For some people, it may be more difficult to really know and feel this concept, those who are not blessed to have an earthly father who has willingly sacrificed and shown love even when it was, perhaps, a strain: it may be more difficult for some to actively believe and accept that this is the love the Father has lavished on us, that we should be called children of God (1 John 3:1). In fact, it may be a stretch to grasp that this is how we KNOW that we are His children, that He already proved His own love for us by sending His only Son.

The hope I have today and forever comes from a Father who is not strained or burdened or annoyed or bothered or required to show me lavish love but, rather, he delights to pour His love out on me!

It is a WILLING love.
"In this is love, not that we have loved God but that he loved us and sent his Son to be the propitiation for our sins." (1 John 4:10 ESV)

It is a GENEROUS love.
"He who did not spare his own Son but gave him up for us all, how will he not also with him graciously give us all things?" (Romans 8:32 ESV)

It is a NON-RELUCTANT love.
"What then shall we say to these things? If God is for us, who can be against us?" (Romans 8:31 ESV)

So we know that God sending His own Son is how we FEEL loved by God. When we believe this and let this understanding penetrate to the depths of our hearts, leaking into every nook and crevice, this love totally transforms us leading to a joyful, child-like acceptance(faith) of this most precious gift we could ever receive(grace).

This is why I am most grateful for the Dads in my life today. I am thankful that they are image-bearers of the only perfect Father, passing on His love from one generation to the next. I am thankful that they have pointed me and my kids, both through their strength and weaknesses, to the True Source of fatherly love. I am thankful that they know Him and are looking to Him for guidance.

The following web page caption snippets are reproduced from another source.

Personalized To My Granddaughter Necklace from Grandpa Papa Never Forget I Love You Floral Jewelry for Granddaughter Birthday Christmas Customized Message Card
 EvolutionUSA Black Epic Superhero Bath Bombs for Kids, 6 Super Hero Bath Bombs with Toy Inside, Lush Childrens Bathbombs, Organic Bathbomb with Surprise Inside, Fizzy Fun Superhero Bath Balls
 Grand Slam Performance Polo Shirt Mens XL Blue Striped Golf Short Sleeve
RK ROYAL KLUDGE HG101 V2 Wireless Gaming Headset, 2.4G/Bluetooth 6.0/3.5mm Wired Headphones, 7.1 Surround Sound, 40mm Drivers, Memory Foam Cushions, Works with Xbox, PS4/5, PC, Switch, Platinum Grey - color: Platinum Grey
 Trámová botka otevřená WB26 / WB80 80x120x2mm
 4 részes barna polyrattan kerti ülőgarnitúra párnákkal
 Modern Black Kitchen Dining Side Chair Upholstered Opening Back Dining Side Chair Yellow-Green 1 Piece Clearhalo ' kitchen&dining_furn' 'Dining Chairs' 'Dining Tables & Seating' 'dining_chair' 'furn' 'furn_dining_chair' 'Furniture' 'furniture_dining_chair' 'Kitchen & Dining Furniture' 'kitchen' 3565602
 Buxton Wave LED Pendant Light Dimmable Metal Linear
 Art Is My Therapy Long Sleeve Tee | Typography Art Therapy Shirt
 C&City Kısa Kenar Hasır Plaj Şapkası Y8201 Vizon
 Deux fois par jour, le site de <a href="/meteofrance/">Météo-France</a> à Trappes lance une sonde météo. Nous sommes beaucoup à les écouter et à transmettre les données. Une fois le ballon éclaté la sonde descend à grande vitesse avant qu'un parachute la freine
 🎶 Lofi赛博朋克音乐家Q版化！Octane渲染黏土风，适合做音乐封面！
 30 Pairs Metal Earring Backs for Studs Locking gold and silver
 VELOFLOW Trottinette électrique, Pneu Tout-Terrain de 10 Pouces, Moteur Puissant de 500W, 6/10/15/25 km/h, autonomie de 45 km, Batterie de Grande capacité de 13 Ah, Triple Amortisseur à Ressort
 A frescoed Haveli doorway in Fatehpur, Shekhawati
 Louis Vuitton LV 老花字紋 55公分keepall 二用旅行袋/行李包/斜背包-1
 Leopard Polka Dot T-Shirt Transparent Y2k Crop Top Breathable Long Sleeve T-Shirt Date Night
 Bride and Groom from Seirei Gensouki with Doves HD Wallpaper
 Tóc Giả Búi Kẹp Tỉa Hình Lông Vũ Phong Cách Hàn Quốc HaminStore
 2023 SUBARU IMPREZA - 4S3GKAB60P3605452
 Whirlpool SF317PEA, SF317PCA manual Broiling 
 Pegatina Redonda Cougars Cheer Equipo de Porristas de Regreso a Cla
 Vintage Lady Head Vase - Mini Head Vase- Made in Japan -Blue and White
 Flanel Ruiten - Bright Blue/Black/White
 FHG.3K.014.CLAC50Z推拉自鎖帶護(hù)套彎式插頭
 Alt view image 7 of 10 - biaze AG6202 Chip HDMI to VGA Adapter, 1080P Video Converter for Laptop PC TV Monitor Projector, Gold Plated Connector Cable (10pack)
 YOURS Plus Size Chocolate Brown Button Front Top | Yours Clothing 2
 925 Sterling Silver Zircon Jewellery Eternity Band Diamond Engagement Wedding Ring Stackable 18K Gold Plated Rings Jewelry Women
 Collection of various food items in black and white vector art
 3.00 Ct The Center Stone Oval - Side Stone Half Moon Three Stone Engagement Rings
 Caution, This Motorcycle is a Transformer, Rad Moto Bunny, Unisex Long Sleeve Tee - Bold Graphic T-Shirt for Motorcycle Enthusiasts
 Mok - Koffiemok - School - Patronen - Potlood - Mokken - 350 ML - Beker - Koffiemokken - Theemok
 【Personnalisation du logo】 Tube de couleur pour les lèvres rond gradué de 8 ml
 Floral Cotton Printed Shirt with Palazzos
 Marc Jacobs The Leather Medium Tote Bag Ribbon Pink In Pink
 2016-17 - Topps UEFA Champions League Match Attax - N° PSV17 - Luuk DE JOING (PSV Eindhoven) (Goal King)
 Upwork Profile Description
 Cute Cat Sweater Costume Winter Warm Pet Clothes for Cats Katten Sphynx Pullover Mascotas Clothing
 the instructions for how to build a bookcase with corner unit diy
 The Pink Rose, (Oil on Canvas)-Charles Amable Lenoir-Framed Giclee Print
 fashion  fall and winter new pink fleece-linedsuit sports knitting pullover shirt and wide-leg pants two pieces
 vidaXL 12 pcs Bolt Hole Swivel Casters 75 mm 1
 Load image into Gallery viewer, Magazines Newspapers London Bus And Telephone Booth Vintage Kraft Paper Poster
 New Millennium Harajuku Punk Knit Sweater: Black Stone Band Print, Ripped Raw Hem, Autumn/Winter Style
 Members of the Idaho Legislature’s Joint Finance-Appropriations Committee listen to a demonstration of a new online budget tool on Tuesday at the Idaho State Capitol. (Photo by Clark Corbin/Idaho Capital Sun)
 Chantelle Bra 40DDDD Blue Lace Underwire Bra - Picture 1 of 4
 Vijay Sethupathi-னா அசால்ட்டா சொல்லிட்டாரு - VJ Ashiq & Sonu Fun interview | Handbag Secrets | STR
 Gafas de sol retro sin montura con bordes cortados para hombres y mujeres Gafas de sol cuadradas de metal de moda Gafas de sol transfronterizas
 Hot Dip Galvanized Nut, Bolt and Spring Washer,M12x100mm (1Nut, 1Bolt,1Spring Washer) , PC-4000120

Thank you, Dads. The most precious gift you could ever give me has been received joyfully in my heart...there are two more at my house who need you, though:) Keep on keeping on, we are counting on you and are here to support and encourage you along the way!

Wednesday, June 12, 2013

I take myself with a grain of salt

I think back to who I was 10 years ago, 5 years ago, 1 year ago, 1 month ago...and I think how grateful I am that God did what it took to change me from the self-absorbed, egotistical, legalistic, cold-hearted person I once was! But then, wait a minute...10 years from now, I'll be thinking how grateful I am that He changed me from who I am TODAY into who I will be THEN.

And so I remember again: I will never "arrive."

I will, at some point and by God's grace, be embarrassed of how selfish and wordly and utterly unChristlike I am today, thought I know in my heart I'm worlds away from where I once was. It occurs to me that today, though I feel more "holy" than I ever have in my life, I still have sin in me, apart from the sins that I know of, that I can't even understand or even contemplate now; but since one day, I will look back and be able to see my own lack of maturity at this current point in time, I trust that a lack of maturity is here in me now, abiding deep in my heart, mind, and soul, seemingly hidden and waiting for the fullness of time til the Holy Spirit will penetrate, uproot, and replant His beauty within.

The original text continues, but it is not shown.